The goal of creating a nursing concept map is to create a plan of care for a child with bronchiolitis. The nursing interventions would reflect the underlying respiratory syncytial virus with patent ductus arteriosus (PDA) history.

Enhancing Quality And Safety

Enhancing Quality And Safety

Competency

Apply the foundations of pediatric nursing when caring for clients with health alterations.

Scenario

You are working in a large urban pediatric clinic after hours.

A mother brings her 6-month-old daughter, Vivi Mitchell, to the clinic for rhinorrhea, congestion, fever, and cough. Upon assessment, you identify the child has to wheeze upon auscultation and on inspection, you identify retractions.

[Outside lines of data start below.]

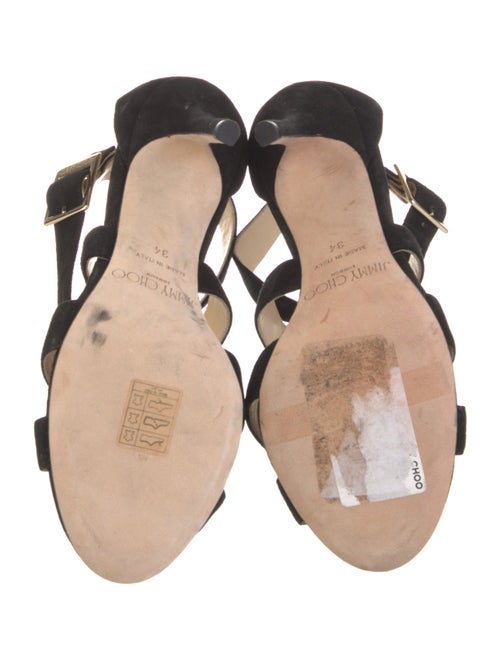 Jimmy Choo Suede Cutout Accent Pumps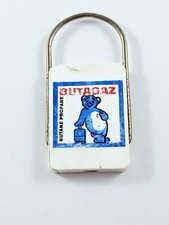 PORTE-CLES - BUTAGAZ 1990s - Logo Vintage - GAZ Butane Propane - OURSON -
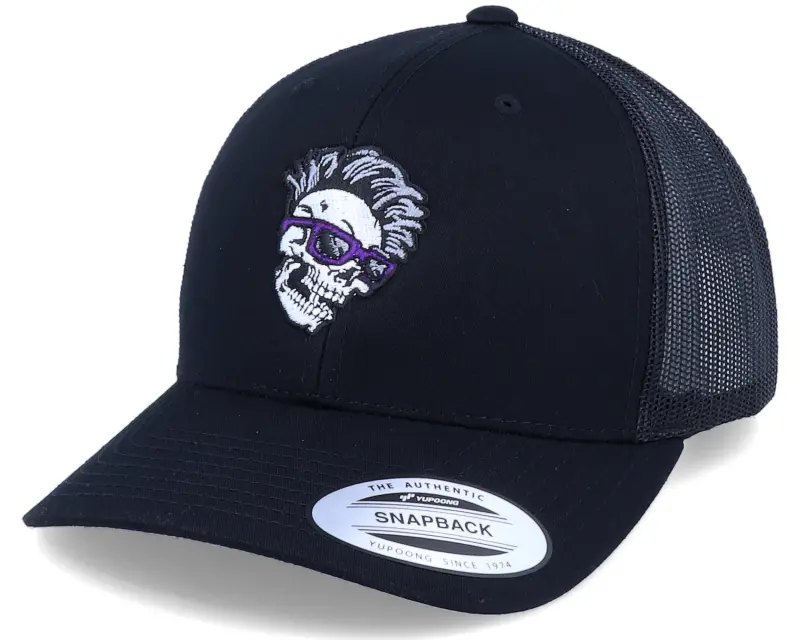 Iconic Skull Shade Mohawk Black Trucker online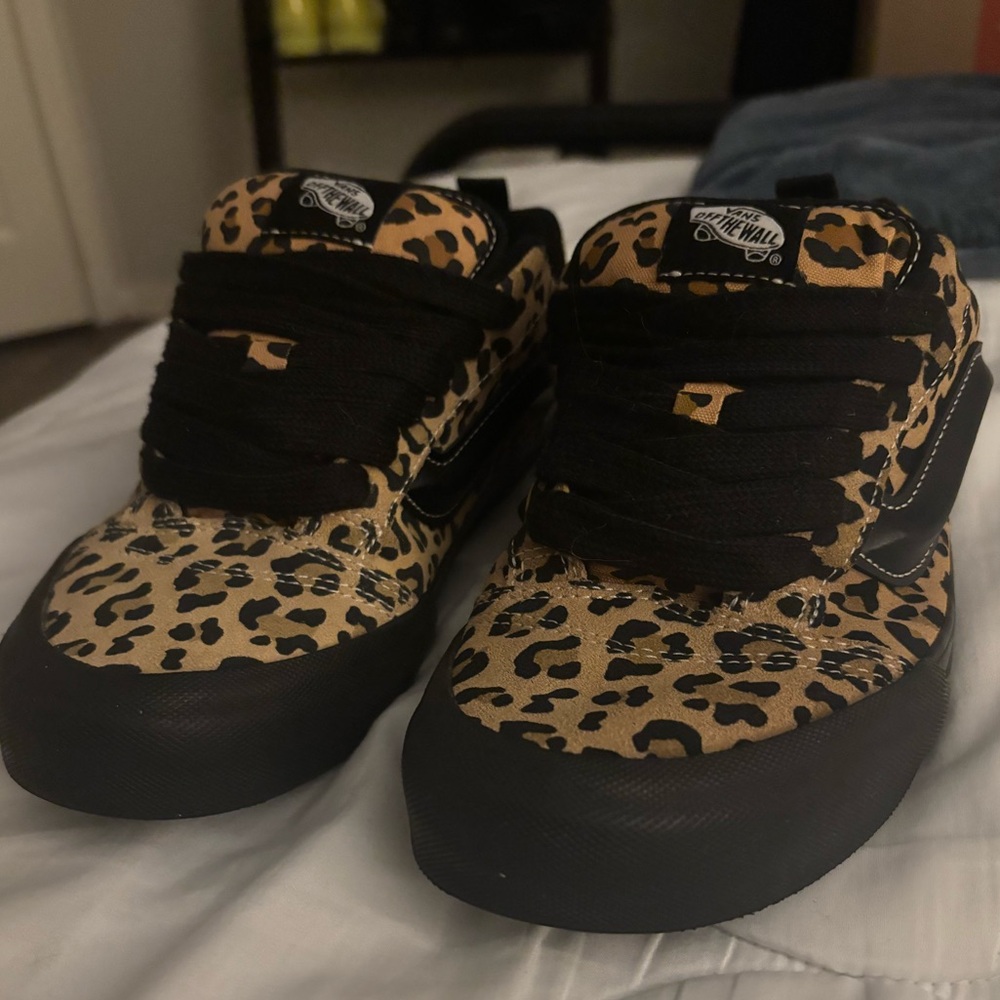 Vans Leapord Knu Skool Skate Shoe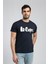 Londonlogo Erkek O Yaka T-Shirt Lacivert 2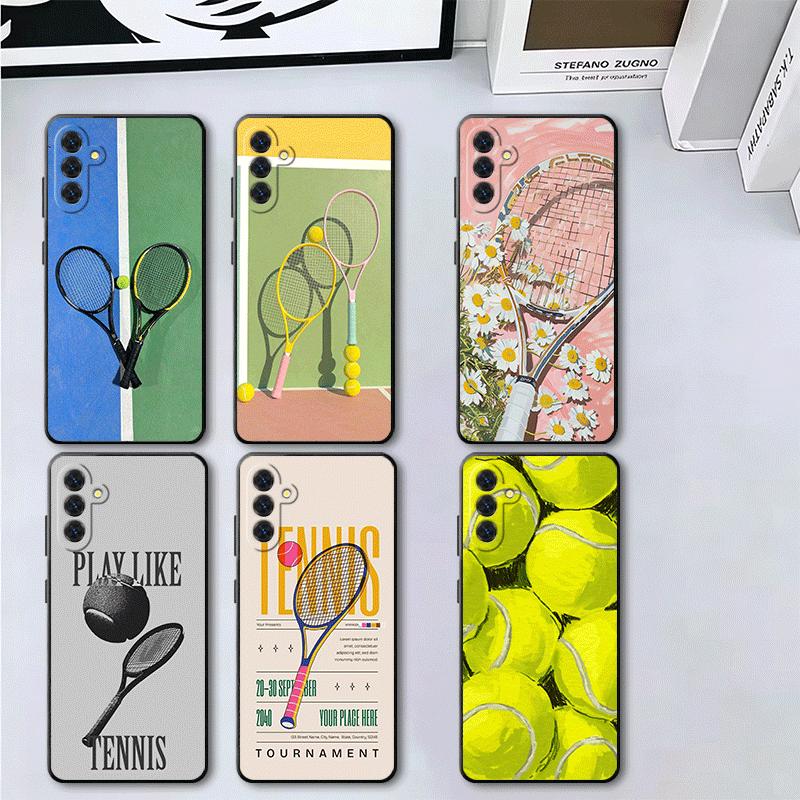 Tennis Sport Soft Phone Case for Samsung A17 A37 A57 A16 A26 A36 A56 A15 A25 A35 A55 A14 A24 A34 A54 A13 A23 A33 A53 A52 A12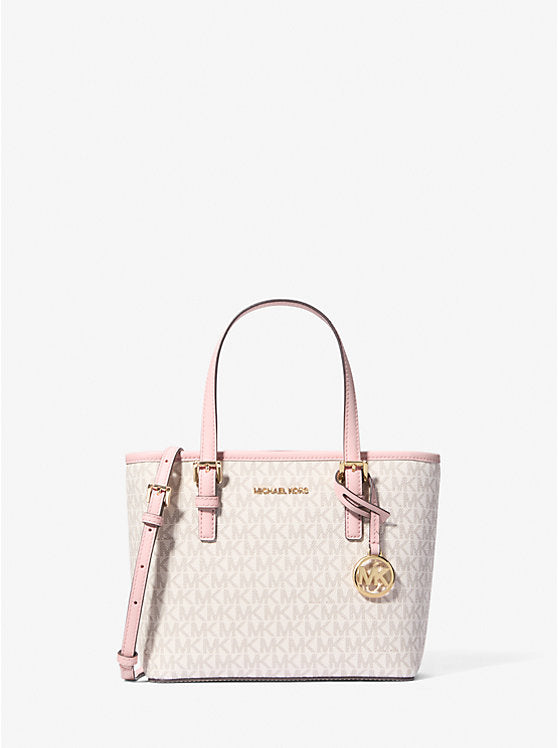 Jet Set Travel Extra-Small Logo Top-Zip Tote Bag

  • The child is in less than the 10th percentile of weight and has a cardiac history of Patent Ductus Arteriosus (PDA).
  • Born at 36 weeks gestation.
  • The mother states this child doesn’t go to daycare but her two other children ages 2 and 3 do attend daycare.
  • T- 102.1 HR 140 RR 40 BP 83/58 Pulse ox 96%
  • A swab for the respiratory syncytial virus (RSV) is positive.

Doctor orders – Nasal bulb suction and saline drops PRN, Tylenol 15mg/kg Q4 PRN for fever, Albuterol nebulizer in office, and push to fluids as tolerated.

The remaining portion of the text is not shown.